### Work required
Only one stretch of the records below should be repeated. It starts with the line containing "Merino Wool: 10" and goes on through the line containing "Chieti, topi e", exactly as written.

### Data for analysis
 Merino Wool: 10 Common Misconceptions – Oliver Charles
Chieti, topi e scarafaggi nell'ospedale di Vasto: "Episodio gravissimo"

...

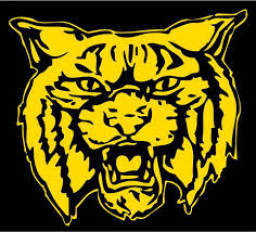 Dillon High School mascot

### Completed exercise
 Merino Wool: 10 Common Misconceptions – Oliver Charles
Chieti, topi e scarafaggi nell'ospedale di Vasto: "Episodio gravissimo"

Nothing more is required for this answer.